===== Data records
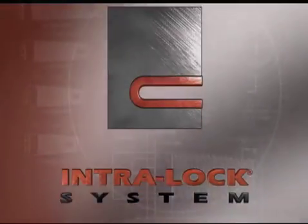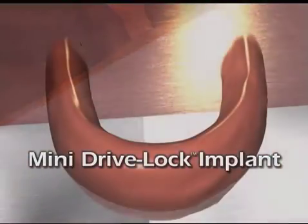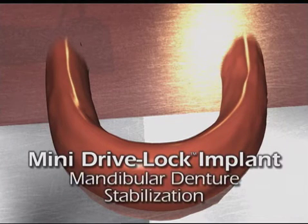Watch how DriveLock technology and intelligent engineering simplifies, streamlines, and improves mini implant delivery and placement in this mandibular denture stabilization demonstration.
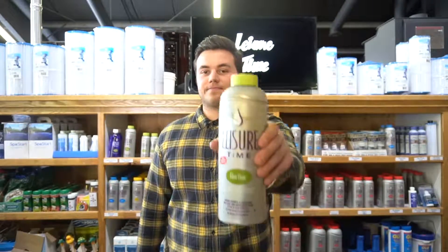In this week's episode of Water Care Wednesday, we're talking about FilterClean.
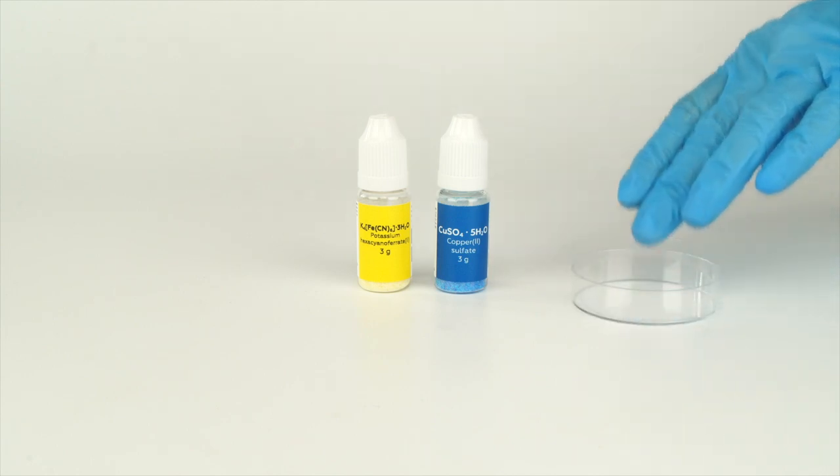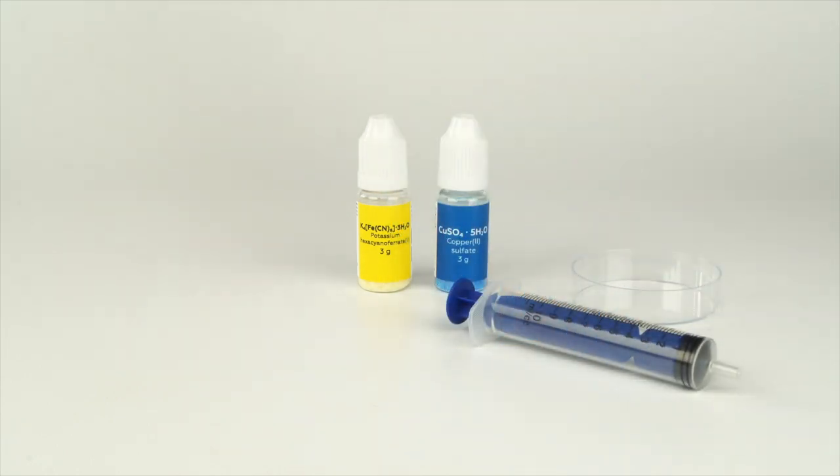Take the small petri dish, a syringe, a piece of filter paper, and two cotton swabs from the experiment set, and fill a disposable plastic cup with water.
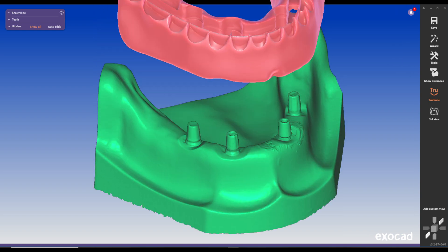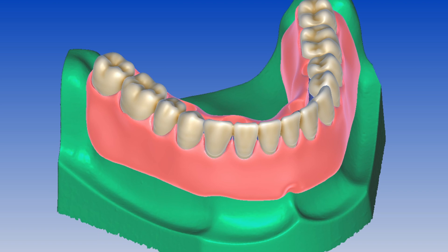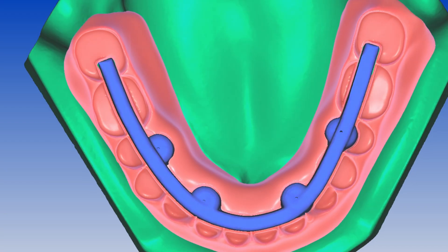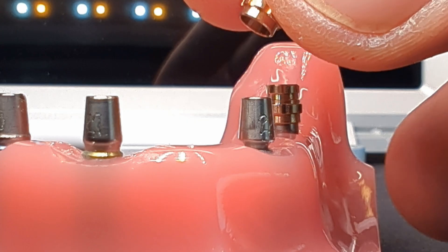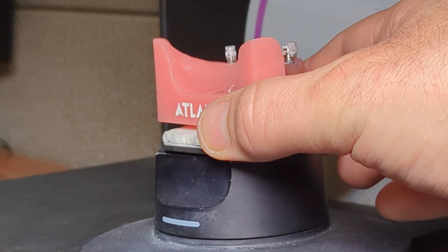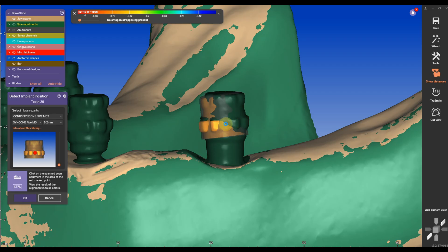This is the most underrated digital removable all-on-four option on the market, including a printed denture base and closed titanium bar and milled denture teeth, all on friction-fit Conus abutments from Atlantis. I will show you the entire digital workflow from designing the denture to the bar with a special library I created, and many tips and tricks you can use in other digital workflows.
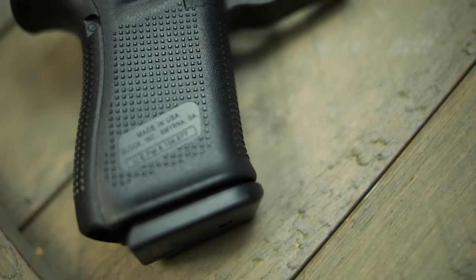All right, so we got our mags loaded up with Remington Golden Bullet. These are 10-round magazines — a little bit short of normal capacity, but all right.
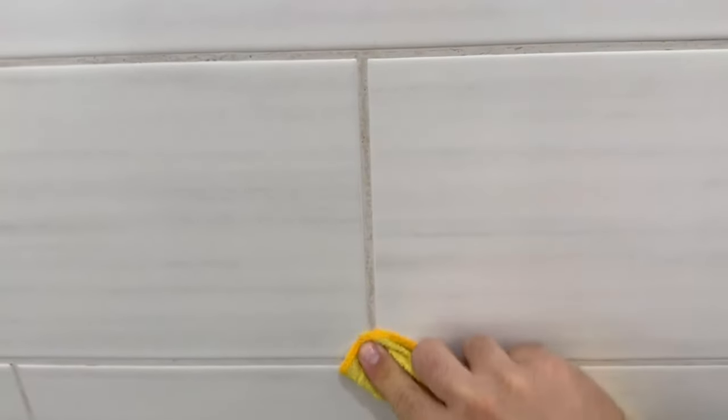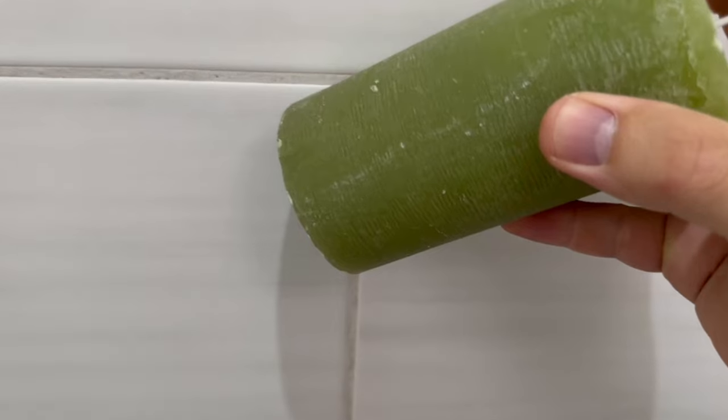The first step is to clean the grout in your shower. Wipe them with a damp cloth and dry them again. It is important that they are completely dry at the end.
==========
### Task instructions
Your answer must be exactly the lines from the one with "Take the small" through the final line of the data, with no pictures in it.

### Exercise answer
Take the small petri dish, a syringe, a piece of filter paper, and two cotton swabs from the experiment set, and fill a disposable plastic cup with water.
This is the most underrated digital removable all-on-four option on the market, including a printed denture base and closed titanium bar and milled denture teeth, all on friction-fit Conus abutments from Atlantis. I will show you the entire digital workflow from designing the denture to the bar with a special library I created, and many tips and tricks you can use in other digital workflows.
All right, so we got our mags loaded up with Remington Golden Bullet. These are 10-round magazines — a little bit short of normal capacity, but all right.
The first step is to clean the grout in your shower. Wipe them with a damp cloth and dry them again. It is important that they are completely dry at the end.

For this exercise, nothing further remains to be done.